Monday 14 July 2014

To Uber or not to Uber - that is NOT the question.

Everyone has them. Moments when they realise they were / are wrong. Moments that form in the brain, when several synapses to their thing and shock us into a new thought / or a new realisation.

One of those happened to me this morning, just now, whilst I was reading a blog by Seth Godin about the future of self driving cars and in passing about what role Uber might play in this.

You see for a while I have been very much anti Uber (the American tech leviathan which will destroy the taxi industry - that we at Justaxi the Manchester taxi comparison app were trying to save.)

One of the reasons I was against them is ideologically and another political and very sensible.

The first - is that should we really be building tech which simply replaces industries so that someone somewhere can make more money.

The leveling of the market place being great for those that profit from it, giving them (but no one else) more and more money.
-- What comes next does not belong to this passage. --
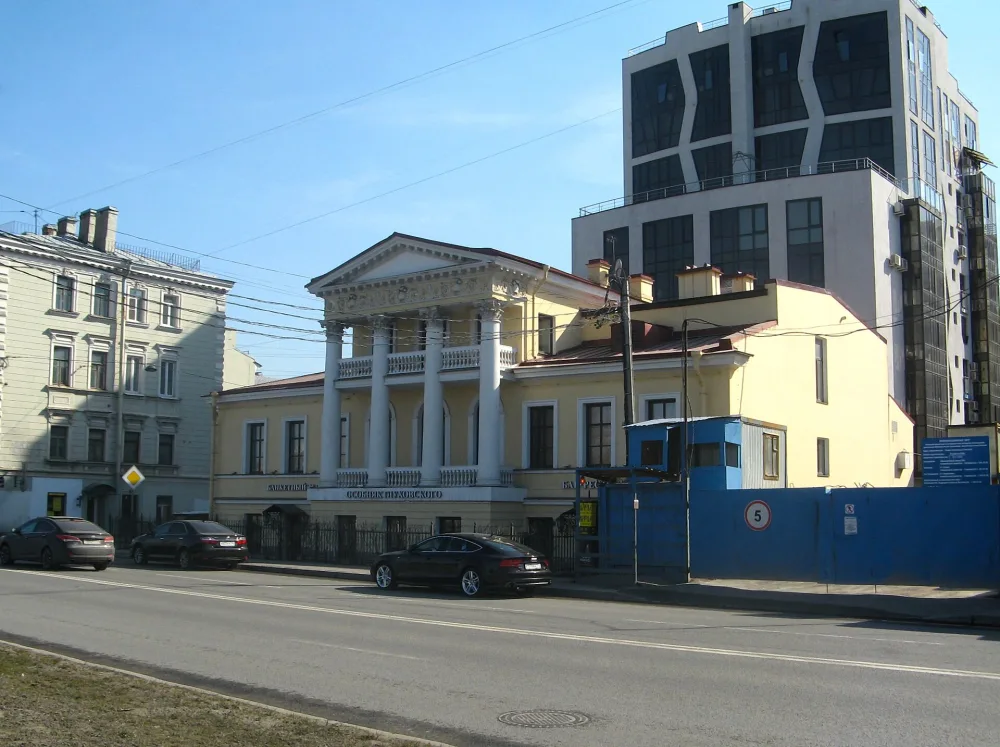 Дом Глуховского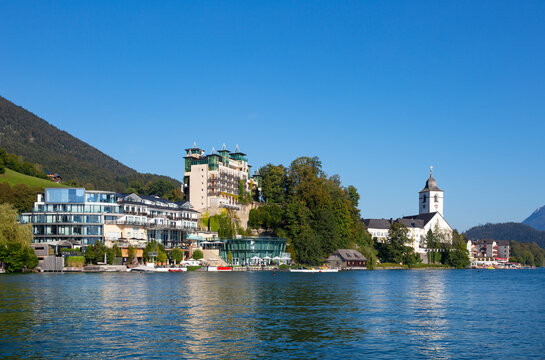 Austria, Upper Austria, Saint Wolfgang&Ocirc;&oslash;&Omega;im&Ocirc;&oslash;&Omega;Salzkammergut, Town on shore of Lake&Ocirc;&oslash;&Omega;Wolfgangsee&Ocirc;&oslash;&Omega;in summer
The second - is that Uber and many of their like i.e. massive billion pound corporations that use clever tech to make even more money, pay their shareholders millions, and ruin small parts of the
economy - do so without paying much (or any tax) to the places their are exploiting  i.e. Uber will take billions out of the UK economy and not pay as much tax here as many would like or see as fair like many others like Amazon etc.

As Amazon, bless it, over the last four years, Amazon has generated £23bn in British sales - how much does it pay in tax? Around £10m through corporation tax in a decade. 

According to the Guardian, the £4.2m Amazon paid in tax in 2013 is just 0.1% of Amazon's UK revenues in 2013. For the whole piece and more about figures - read here. 

The tax argument is therefore a good one. But the reason for my change of mind / heart is nothing to do with now or with tax but with the future and which version of it I would rather we got.

In Seth's Blog he puts it this way

"Like all innovations, the death of the non-autonomous vehicle is not all upside. The car industry gets mostly commodified, jobs are shifted and disruptions occur. Privacy for teenagers, ordinary citizens and bank-robbers-making-an-escape disappears. The suburbs become even less attractive to some people. But just as you can't imagine a city scene where just about everyone isn't looking at their smart phone and swarming in the virtual cloud, it's going to be a whole new cityscape once cars retreat from their spot at the top of the attention/command chain.
One way this might happen: Certain models will be labeled as Uber-compatible (or whatever network is in place). Buy that car and with a few clicks, the car starts earning its keep. When you're at work or asleep or otherwise engaged, it moonlights and drives other folks around. The combination of security cameras in your car and rider registration pretty much guarantees that your car isn't going to come back wrecked. It's not hard to imagine organizations building fleets to profit from this (a medallion replacement) but it also becomes economically irresistible to the individual as well."



Now suddenly the whole thing makes sense. The end game comes in sight. 

Which is one that I rather like. The idea that your car can make money for you, be shared by people, you can become the taxi company, you can make money yourself from the outlay of transporational expense. Now that end game seems a lot more social - almost socialist... i.e. the means of production is placed purely and surely in the hands of the worker (e.g. us.)

Whether or not it is Uber that runs the network or Google (who owns half of it by the by) is really not important.  

What is important is that I realise that the end game might have to be worth the problems of today.

Oh and thanks to Tom Auld, a good and old friend of mine, who started my realisation with a good old fashioned discussion over a beer or three last weekend. He started bending my thoughts with some solid reasoning. Seth just did the rest. Uber aint that bad after all - now if we could just get them to pay tax in the UK.  

Which is a decision that we all would take with the government. If they ever let us.